A sequence truly unrelated to any other could deeply threaten our very Darwinian foundations!  That is how strong and well-supported his hypothesis about life is.  If that is a failure of induction, then so be it.  We would go to very great lengths to find other explanations for our mysterious sequence, before we would even begin to question the hypothesis of evolution!  Would it be less weird than current allegations of meteorite structures, to suggest that such a sequence came from Mars?  Would it resuscitate arguments about spontaneous generation (see earlier post on this)?

And in another way such a sequence would be at least as profound, or perhaps much more profound than just a missing relationship.  That is because, on its own DNA sequence can seem, statistically,  to be a random string of nucleotides--once we know about history, and have experimental data (which we do, in profusion) we can see how utterly nonrandom DNA sequences are when it comes to what they do--that cannot by itself be 'read' off from the sequence alone, without this information.  And this information is essentially connected to Darwinian ideas.

This gets us to consider not just the fact of the tree of life's history, but the functional roles of DNA, and Darwin's other idea, that the tree is built by natural selection.  Comparative DNA sequences, viewed through the Darwinian method, also say something about that as well.  That is for next time in this series....

9 comments:

Holly Dunsworth said...

Ooo, I can't wait!

Holly Dunsworth said...

What were the terms you chose in BLAST? At least, some highlights? There are so many boxes to check (or not)... so many!

Ken Weiss said...

Tomorrow there will be another use. The main 'tracks' to show are RefSeq(the gene itself), Conservation (upper left box in that set of options), Encode regulation, and Repeat masker. Then if you want to explore more or in more detail, you can add other tracks. 'Dense' is the usual way I select to show things.

You can scroll along the chromosome, search by specified regions, species, or gene names to see what you would like.

Ken Weiss said...

Sorry, Holly, maybe I misunderstood your question, as my answer was about the genome browser. Anne did the BLAST search and she can tell you what options she picked....

Anne Buchanan said...

I went for simple. From the BLAST home page (http://blast.ncbi.nlm.nih.gov/Blast.cgi), under "Basic Blast", I chose "nucleotide blast", and then just pasted in my (made-up) sequence in the first box where it says "Enter Query Sequence." Then hit "BLAST", wait a bit, and see what you get.

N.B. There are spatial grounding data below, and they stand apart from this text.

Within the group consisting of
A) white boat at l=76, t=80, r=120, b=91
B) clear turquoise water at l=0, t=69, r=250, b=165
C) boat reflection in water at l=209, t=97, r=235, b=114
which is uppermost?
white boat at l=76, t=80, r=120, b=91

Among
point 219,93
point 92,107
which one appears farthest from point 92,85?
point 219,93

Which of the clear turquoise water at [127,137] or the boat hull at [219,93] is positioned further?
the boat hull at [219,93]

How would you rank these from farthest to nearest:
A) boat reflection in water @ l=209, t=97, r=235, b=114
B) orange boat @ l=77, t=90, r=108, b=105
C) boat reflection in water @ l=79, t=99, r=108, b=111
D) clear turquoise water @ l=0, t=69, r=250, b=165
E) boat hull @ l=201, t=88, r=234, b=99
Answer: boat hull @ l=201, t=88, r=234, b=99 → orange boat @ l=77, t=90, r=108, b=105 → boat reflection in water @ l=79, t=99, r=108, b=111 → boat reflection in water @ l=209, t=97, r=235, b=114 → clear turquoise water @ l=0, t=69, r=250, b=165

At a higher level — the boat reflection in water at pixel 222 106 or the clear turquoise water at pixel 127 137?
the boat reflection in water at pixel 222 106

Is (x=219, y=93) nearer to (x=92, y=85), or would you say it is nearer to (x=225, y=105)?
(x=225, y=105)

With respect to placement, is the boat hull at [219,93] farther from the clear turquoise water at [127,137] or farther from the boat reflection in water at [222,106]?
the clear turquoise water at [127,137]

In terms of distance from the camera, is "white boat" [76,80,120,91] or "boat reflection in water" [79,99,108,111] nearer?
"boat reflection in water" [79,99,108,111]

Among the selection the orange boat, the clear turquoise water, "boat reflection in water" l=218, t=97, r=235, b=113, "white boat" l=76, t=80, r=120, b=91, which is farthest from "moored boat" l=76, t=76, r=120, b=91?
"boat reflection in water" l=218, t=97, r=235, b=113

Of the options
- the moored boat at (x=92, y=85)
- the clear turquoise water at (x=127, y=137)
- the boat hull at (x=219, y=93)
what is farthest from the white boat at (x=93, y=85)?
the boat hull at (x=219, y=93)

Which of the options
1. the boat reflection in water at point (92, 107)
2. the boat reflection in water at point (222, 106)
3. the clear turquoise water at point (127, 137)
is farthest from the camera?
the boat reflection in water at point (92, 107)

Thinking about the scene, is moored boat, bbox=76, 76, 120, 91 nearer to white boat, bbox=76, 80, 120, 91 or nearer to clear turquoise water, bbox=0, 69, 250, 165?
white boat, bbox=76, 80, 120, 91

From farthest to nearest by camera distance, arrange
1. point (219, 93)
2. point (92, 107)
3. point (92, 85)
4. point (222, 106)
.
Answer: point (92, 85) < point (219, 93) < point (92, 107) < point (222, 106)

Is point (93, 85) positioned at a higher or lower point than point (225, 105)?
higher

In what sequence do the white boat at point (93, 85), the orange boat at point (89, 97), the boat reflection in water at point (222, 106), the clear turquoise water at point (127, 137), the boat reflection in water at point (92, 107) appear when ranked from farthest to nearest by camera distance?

If you're not used to using BLAST, you could paste in an actual sequence, to see what happens when you get a match. One way to do this is, at the NCBI website, go to the nucleotide dababase and search for any gene of your choice -- here's one, not exactly at random, as it's relevant to Friday's scheduled post: http://www.ncbi.nlm.nih.gov/nuccore/NM_013618.3. Scroll to the bottom of the page, select some of the sequence and paste it into the BLAST search box.

Hope that's at least sort of clear!

Anne Buchanan said...

P.S. I really wish we could include links in comments! Anyone know how to do that in Blogger?

Anonymous said...

I think you can use standard html "a href" tags:

BLAST

NM_013618.3

Anne Buchanan said...

Thank you!

Anne Buchanan said...

Just because I can, I'm posting a link to another gene sequence.